A Green Card and other attempts to get permanent residence or citizenship in the US and other Western countries is usually every one's dream. That is why Rebecca Shrubsole's decision to leave England for Rwanda received mixed reactions.
Now called Rebecca Usabyamahoro and applying for Rwandan citizenship, the 28-year-old started dreaming about coming to Africa at a tender age.
"I used to tell my mother that my children will be Africans and she encouraged me to follow my heart. but my father was against this," Rebecca said during the interview at her home in Nyamirambo where, in 2010, she married Evode Usabyamahoro, alias Commando, 37, a former street child, who was running humanitarian services.
The two met in 2008 when Rebecca travelled to Rwanda for the first time.
"When I was six, my classmates chose me to visit the survivors of the Jewish Holocaust.
The motto I found there was 'Genocide, Never Again'. This confused me because I read about other genocides in Cambodia later."
She later heard about the 1994 Genocide against the Tutsi, and the 'Never Again' slogan.
"Many things came into my mind. Like how do these survivors live, who cares for them and many others," she says.
So in 2008, while an undergraduate in the Faculty of Sociology at Goldsmiths College University of London, she resolved to visit Rwanda. Here, she met Usabyamahoro, who was helping street children.
"The Youth for Christ Organisation linked me to Usabyamahoro, who was struggling to look after children he had picked from the streets. I understood this was my call to support the community; God had told me earlier before that He would give me a great family; they were my children."
The beginning of Usabyamahoro's project was hard. Rebecca could only afford Rwf30,000 per month to rent a house for the 30 children. The first house had neither water, nor electricity and the latrine was run down.
Rebecca returned to school in England in September 2008 and started rallying support to help street children.

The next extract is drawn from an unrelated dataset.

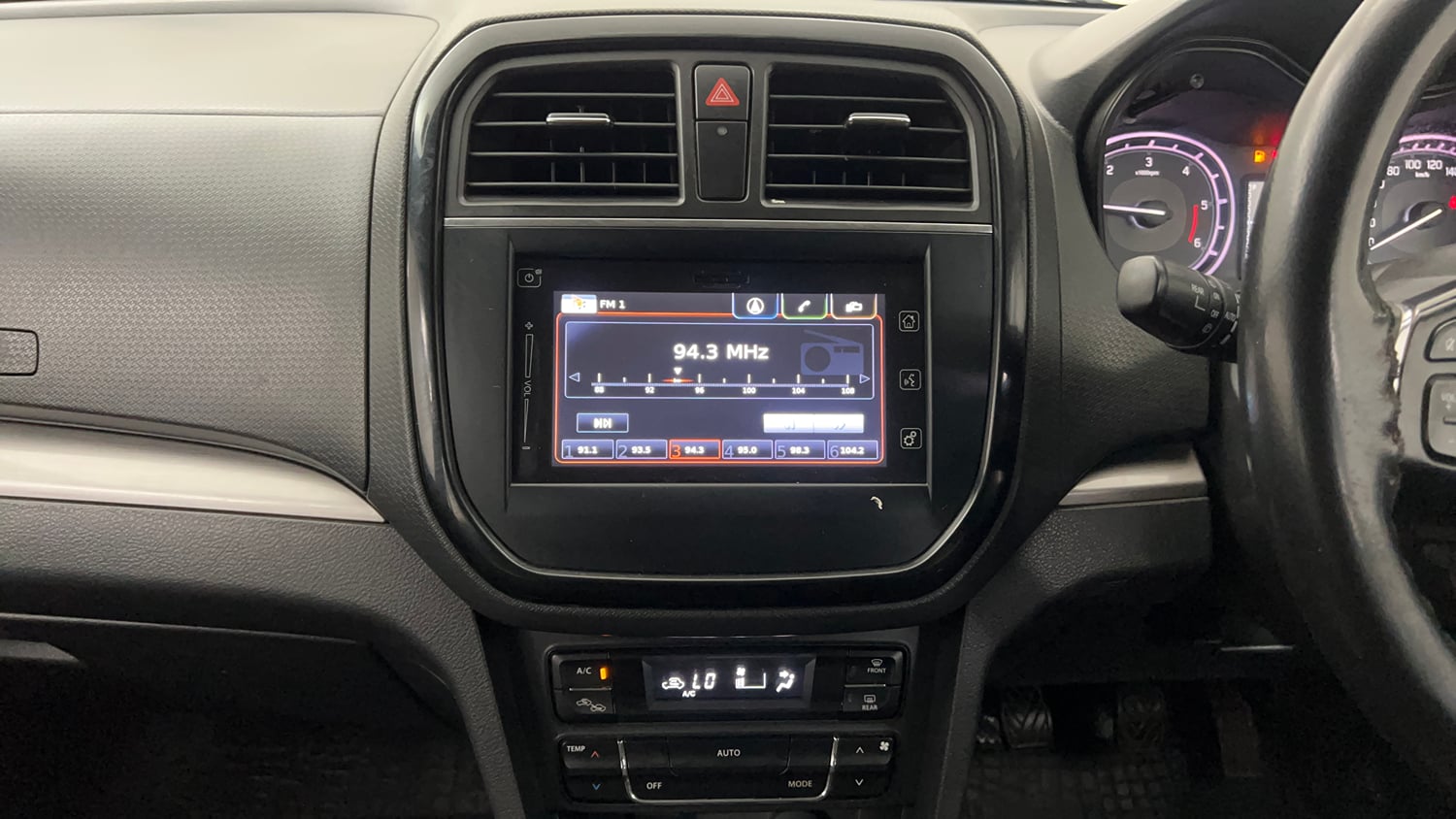 Used 2016 Maruti Suzuki Vitara Brezza ZDi+ Dual Tone Diesel Manual interior MUSIC SYSTEM & AC CONTROL VIEW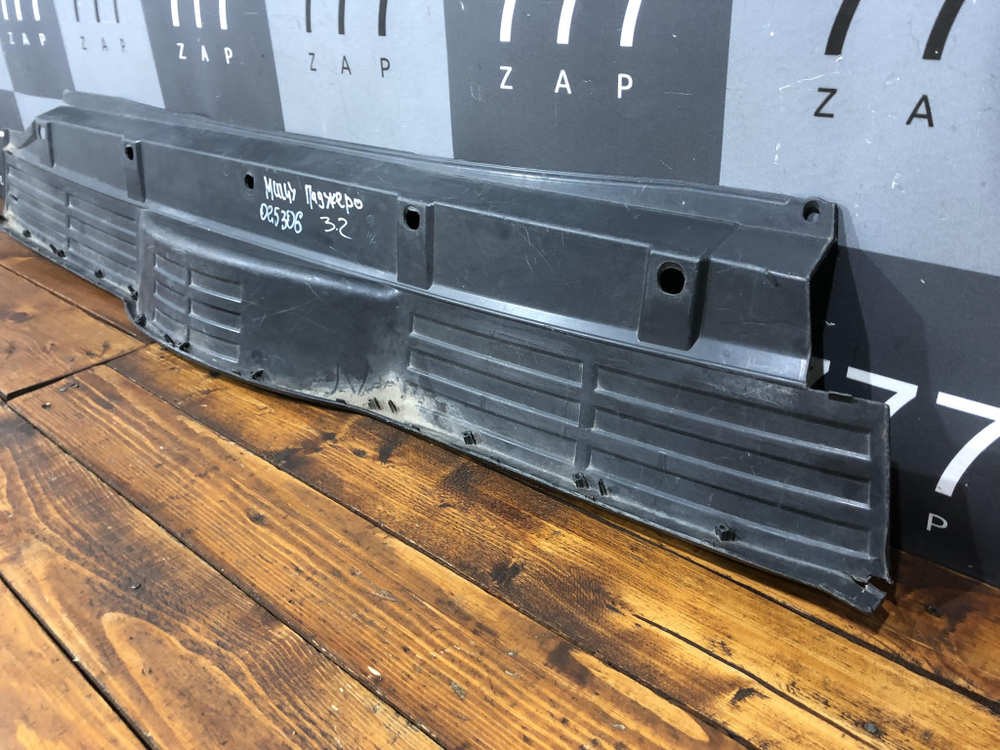 Накладка заднего бампера Mitsubishi Pajero 4 Б/У Оригинал 3m00x6410a186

After graduating in 2010, she returned to Rwanda to marry Usabyamahoro.
Now a mother of nine-month-old Jennifer Lucy Usabyamahoro Keza, Rebecca is also a 'mother' of many former street children in their 14-bedroom house in Rwezamenyo cell, Nyarugenge district.
The children in this rehabilitation centre dubbed Ubaka u Rwanda (Build Rwanda), registered in Nyarugenge district and in England, are aged between 10 and 22 and have all been taken off the street since 2002.
As part of rehabilitation process, they send them to school with support from well wishers.
So far, 28 children have graduated from the centre and returned home. Others (28) are in primary and 10 attend basic education.
Usabyamahoro spent Rwf18m to put up a library, sports room, living room, three dormitories and reading rooms, a computer room equipped with three laptops and kitchen facilities for his 'family'.